Hu001–MMAE induces tumor regression and promotes intratumoral accumulation of inflammatory macrophages and activated dendritic cells in the tumor environment
In a tumor regression study, treatment of large-size H292 tumors (>700 mm3) with 5 mg/kg Hu001–MMAE led to a rapid and sustained tumor regression (P < 0.001), whereas treatment with 15 mg/kg docetaxel resulted mainly in tumor stasis (P < 0.05; Fig. 6A). Although MMAE and docetaxel are both microtubule-targeting agents, only the treatment with Hu001–MMAE triggered a dramatic remodeling of tumor immune environment. Specifically, IHC analysis of H292 (Fig. 6B) and H1299 (Fig. 6C) tumors showed that treatment with Hu001–MMAE, but not with docetaxel, induced an increased staining in the macrophage pan-marker F4/80 but a decreased staining in the M2-macrophage marker CD206, consistent with a robust accumulation of the inflammatory macrophages in the tumor environment. Similar results were also seen in H441-treated tumors (Supplementary Fig. S9). As DCs are important in antitumor immune response, we performed IF staining and found that treatment of H292, H1299, or H441 tumors with Hu001–MMAE each and all induced a robust expansion of mature DCs as shown by the increase in CD11c+CD86+ double-positive cell population, whereas no significant DC expansion occurred in docetaxel-treated tumors (Fig. 6D; Supplementary Fig. S10A–S10C). Taken together, these results reveal a new antitumor mechanism for CD73-targeted Hu001–MMAE that promotes an antitumor immune microenvironment in addition to direct cytotoxic effects on tumor cells.

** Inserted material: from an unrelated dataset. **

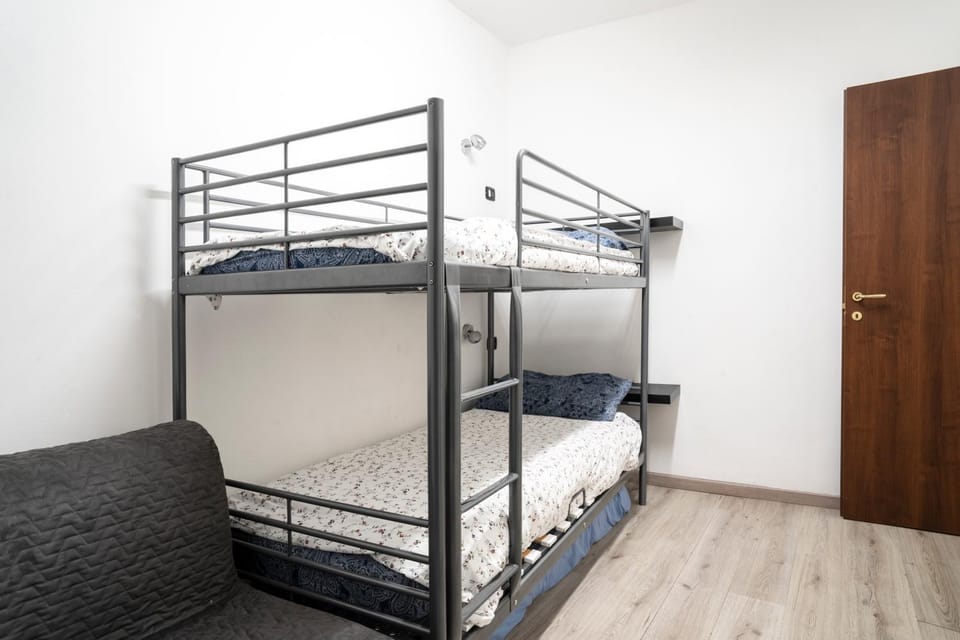 Bed, Photo of the whole room, Bedroom, bunk bed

Hu001–MMAE inhibits CD73 activity, protects T-cell growth, triggers DC maturation in vitro, and is well tolerated in nonhuman primates
To extend our in vivo tumor staining results, we used human PBMC-derived T cells and PBMC-differentiated DCs to examine the direct effect of Hu001–MMAE on these important antitumor immune-effector cells in vitro. Treatment of CFSE-labeled CD3+ T cells with Hu001–MMAE (10 nmol/L) up to 12 days did not significantly reduce proliferation rate or cell viability (Fig. 7A). Treatment of T cells with various doses of hIgG1–MMAE or Hu001–MMAE for 5 days also resulted in minimum overt toxicity in CD3+ T cells (IC50>100 nmol/L) or CD4+/CD8+ T cells (Fig. 7B and C). Like the naked antibody Hu001, Hu001–MMAE dose dependently reversed the AMP-imposed suppression on T-cell growth and IFNγ production, achieving an EC50 value 0.09 ± 0.01 nmol/L (Fig. 7D and E). We then adapted a primary human PBMC-DC-differentiation system (39). Treatment of differentiating PBMC-DCs with AMP reduced the level of CD11c+CD86+ mature DCs, which was largely abrogated by Hu001 or Hu001–MMAE (Fig. 7F). Hu001–MMAE induced significantly more mature DCs compared with that of Hu001, reaching a level even higher than the no-AMP control treatment (Fig. 7F). In the DC-differentiation culture without exogenous AMP, Hu001–MMAE also increased the level of mature DCs, which was comparable to the level obtained with LPS (Fig. 7G). A duplicate set of identically treated DCs (PBMC donor-1) were then washed and cocultured with CFSE-labeled T cells (PBMC donor-2). T-cell proliferation was significantly enhanced in the coculture of Hu001–MMAE- and LPS-activated DCs (52.25% and 51.25%, respectively) compared with that of hIgG1–MMAE or buffer control (41.85% and 41.90%, respectively; Fig. 7H). These results collectively demonstrate that Hu001–MMAE remains fully functional in inhibiting CD73 enzyme activity, protecting T-cell growth, and enhancing DC activation.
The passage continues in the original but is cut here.